The book explains the constructs of the diet, provides reasoning behind recommendations and arms readers with recipes, as well as restaurant and fast-‐food offerings, that fit into the diet’s parameters. The Zero Sugar Diet is composed as such: three meals and one snack per day. Each meal must include the following:
- A zero sugar carb
Eat them until you’re satisfied: vegetables (fresh or frozen), whole fruit (fresh or frozen), beans/legumes, unsweetened whole grains and cereals or nuts/seeds.
- A power protein
Eggs, fish, Greek yogurt or lean meat (turkey, chicken, lean beef, roast pork)
- A healthy beverage
Water, tea, milk, or even wine in moderation. No fruit juice or soda— ever. Exercise comes fourth, and is optional. During the first 14 days, the rule for packaged food is if it contains any added sugar, toss it. After the first 14 days, you can eat foods that have added sugar, as long as the fiber content outweighs the added sugar content (i.e. grams of fiber are higher than grams of sugar).

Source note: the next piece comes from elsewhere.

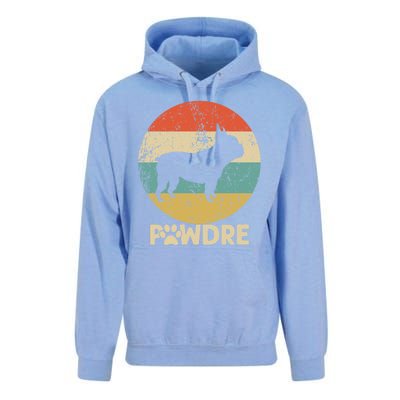 Fathers Day Pawdre Dog French Bulldog Gift Unisex Surf Hoodie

The Zero Sugar Diet is generally what a well-‐balanced diet should consist of: limited added sugars, lean protein, healthy fats, and foods rich in fiber, such as whole grains, fruits and vegetables. Zinczenko praises fiber as the pillar of a healthy diet and dedicates an entire section to explaining why fiber is absolutely essential to getting (and staying) slim. In “Special Report: Why Fiber is the Perfect Solution, and How to Make It Work for You,” he states that fiber allows us the maximum amount of dietary flexibility without restrictions. The various health attributes of fiber are discussed, for example, eating fiber fills you up and prevents your body from experiencing a sugar rush; fiber feeds the bacteria in your colon triggering the reaction that flips off your appetite switch, and fiber stimulates your satisfaction and sleep hormones. A bit more extreme claim states that fiber prevents fat from forming inside your belly and allows us to eat meat and other fatty fare without increasing our risk of heart attack or stroke. In his in-‐depth explanation of fiber and fiber-‐containing foods, Zinczenko identifies functional fibers that are added to processed foods as a fiber “fibber.” These “frankenfibers,” such as chicory root (as used in Activia, he points out) don’t necessarily provide the same benefits of naturally occurring fiber, such as the cholesterol-‐lowering effect of the fiber found in oat bran. He advises readers to get fiber from natural sources, like whole grains.
As we know, grain foods are naturally rich in fiber, making whole grain foods and products come highly recommended in the Zero Sugar Diet. A plethora of whole grain foods are recommended on the plan and in the recipes and include: Nabisco Triscuits, Kellogg’s All-‐Bran® Bran Buds® Cereal, quinoa, tortillas, bread, cereals, Post Shredded Wheat, GG Bran Crispbread, air-‐popped popcorn, oatmeal, farro, English muffins, flatbreads, whole wheat pasta and bulgur. Zinczenko recommends people eat “good breads,” which he identifies as “100% whole grain” and without added sugar. “Bad breads” and “well meaning but stupid breads” are breads that are disguised as “good breads” bearing claims like “wheat” and “multigrain” but actually contain mostly white flour. Refined carbs, such as white flour and white pasta are “no better than refined sugars” and should be avoided on the diet.